- _Problem description_:
No pictures belong in the copy. Restate the rest of the data exactly.

- _Dataset extract_:
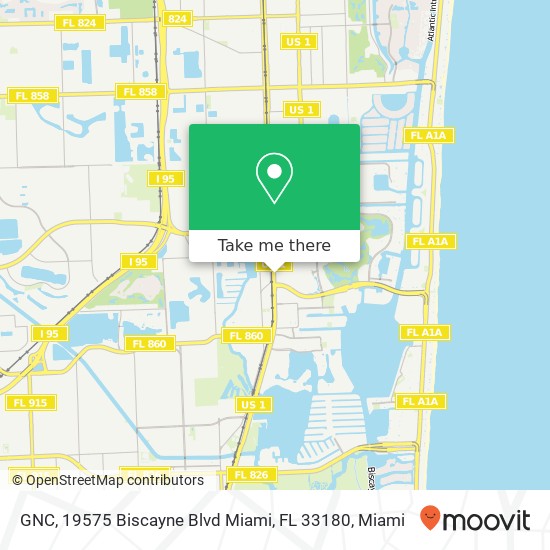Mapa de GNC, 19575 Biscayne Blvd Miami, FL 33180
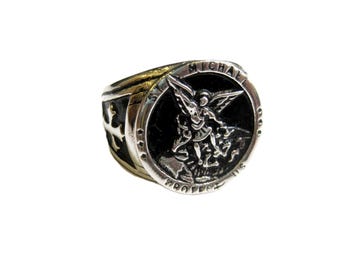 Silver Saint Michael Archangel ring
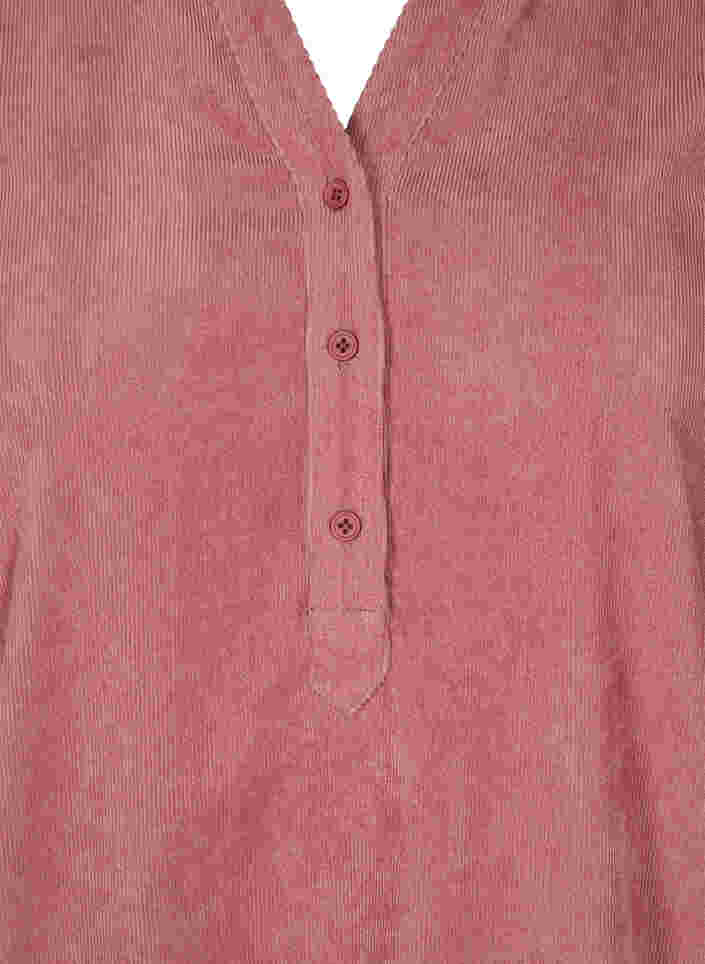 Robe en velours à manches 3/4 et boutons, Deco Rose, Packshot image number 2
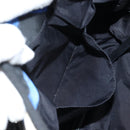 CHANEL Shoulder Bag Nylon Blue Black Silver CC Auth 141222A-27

- _Response to this task_:
Mapa de GNC, 19575 Biscayne Blvd Miami, FL 33180
 Silver Saint Michael Archangel ring
 Robe en velours à manches 3/4 et boutons, Deco Rose, Packshot image number 2
 CHANEL Shoulder Bag Nylon Blue Black Silver CC Auth 141222A-27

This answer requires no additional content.